In or around February, 2004, Mr. Kirschner met with Mr. Diab to discuss the financial status of the Dupont complex. After analyzing the financial data and consulting with Mr. Diab regarding the current business plan, Mr. Kirschner decided change was necessary and instructed Mr. Diab to devise a new strategy to reduce expenses and make the business profitable. (Kirschner Dep. 11:2-14.) Mr. Kirschner offered no specific proposals in this regard. Instead, he deferred to Mr. Diab's judgment and management skills to effectuate his instructions. (Id. at 11:18-21, 12:12-16.) He observed to Mr. Diab, however, that payroll comprised fifty percent of the company's expenditures. (Id. at 12:21-23.) "[T]he primary area to make an impact, immediate impact is in payroll." (Id. at 12:23-25.)*fn3

To execute Mr. Kirschner's instructions, Mr. Diab designed the RIF plan, which he viewed the best way to improve the bottom line. (Diab Dep. 53:9-24.) Mr. Diab conceived this idea without consulting or obtaining approval from Mr. Kirschner. (Kirschner Dep. 13:15-24.) The plan, which was implemented in April, 2004, and completed by August, 2004, called for eliminating "highest paid personnel," specifically two gentlemen from the Bordentown location who provided services at Dupont. (Diab Dep. 54:3-55:20.) Additionally, assistant managers with "shaky" performances were cut, certain open positions were never filled, and Mr. Krappa was demoted to restaurant manager, a position he held prior to his promotion to complex manager. (Id. at 54:21-55:8.) By August, Mr. Diab claimed, "we were significantly saving." (Id. at 55:9-10.)

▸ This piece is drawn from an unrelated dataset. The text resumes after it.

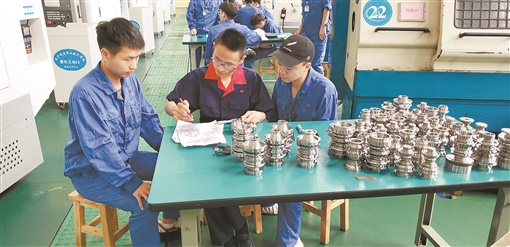 【湖南日报】黄登红：金牌教练有点“狠”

In implementing this strategy, Mr. Diab spoke to the profit center managers (including Mr. Hodges) and the complex manager (Mr. Krappa) in February or March, 2004, instructing them to reduce their respective payrolls. (Id. at 56:21-57:1; id. at 61:17-18, 62:4-8.) They were advised to consider employee salaries. No specific instructions, though, were given as to the number of employees to eliminate or the dollar amount by which payroll must be reduced. (Id. at 58:2-9.)

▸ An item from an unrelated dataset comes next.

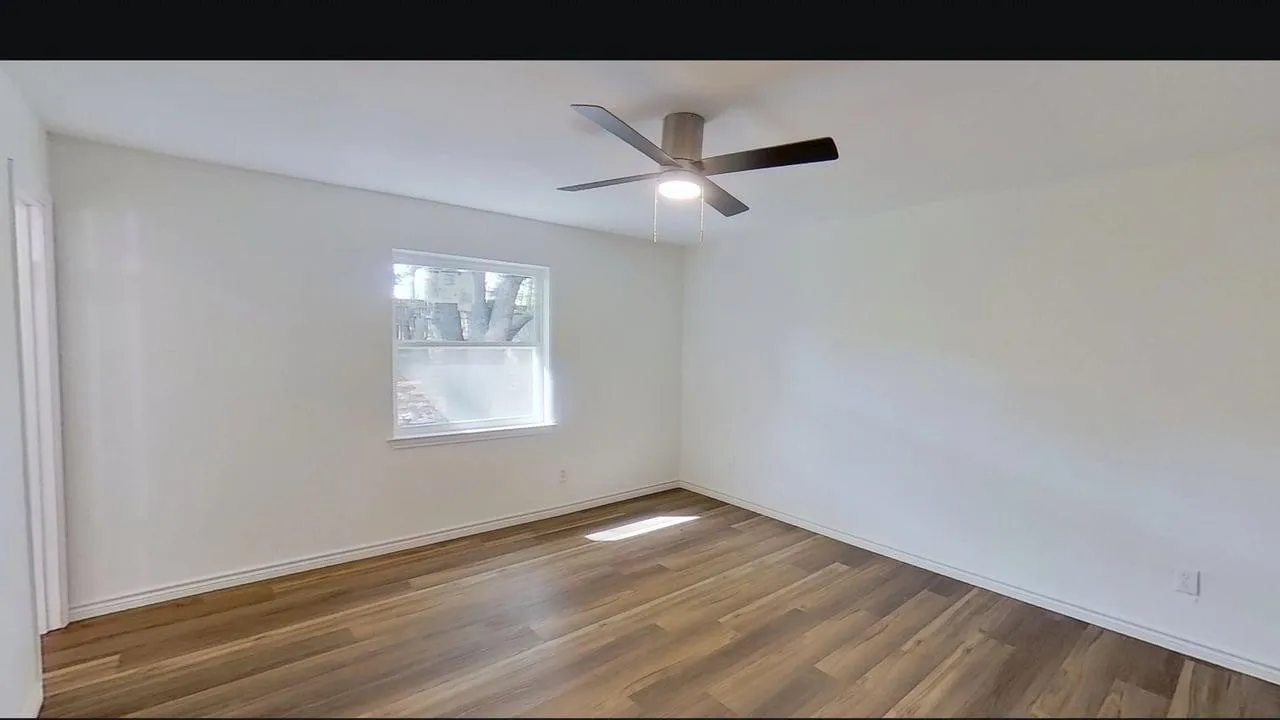 Single Family Residence For Sale in Tarrant County , 2231 Park Springs Court, Arlington, Texas 76013, 3 Bedroom, 2 Bathroom, 2 Garage spaces, 1,418 Sqft, built in 1978, mls#21395816, Real Estate Agent in Arlington, Homes For Sale in Tarrant county, Homes For Sale in Arlington, Realtor in Arlington Texas, Real Estate Brokerage Independent Realty Texas, Luminita Cordes Realtor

One of the employees Scranton Petro contends was selected for termination was Ms. Faust. Mr. Diab recounted discussions he had with Messrs. Krappa and Hodges, allegedly in the context of the RIF. The gentlemen approached Mr. Diab and expressed dissatisfaction with Ms. Faust's performance. (PCMF ¶ 10.) It is unclear what Messrs. Krappa and Hodges found unsatisfactory about Ms. Faust's performance. Mr. Diab was told by them before this conversation that Ms. Faust was having "problems" with customers and other employees of the Travel Store, but he could not recall any details about these "problems." (Diab Dep. 47:23-48:11.) In any event, Mr. Diab responded to their complaints by stating "if we're not satisfied, then we should terminate her and move on." (Id. at 49:9-10.) The decision to terminate, however, was relegated to Messrs. Krappa and Hodges. (PCMF ¶ 9.) Presumably they decided to terminate Ms. Faust, although Mr. Diab did not explicitly testify as such.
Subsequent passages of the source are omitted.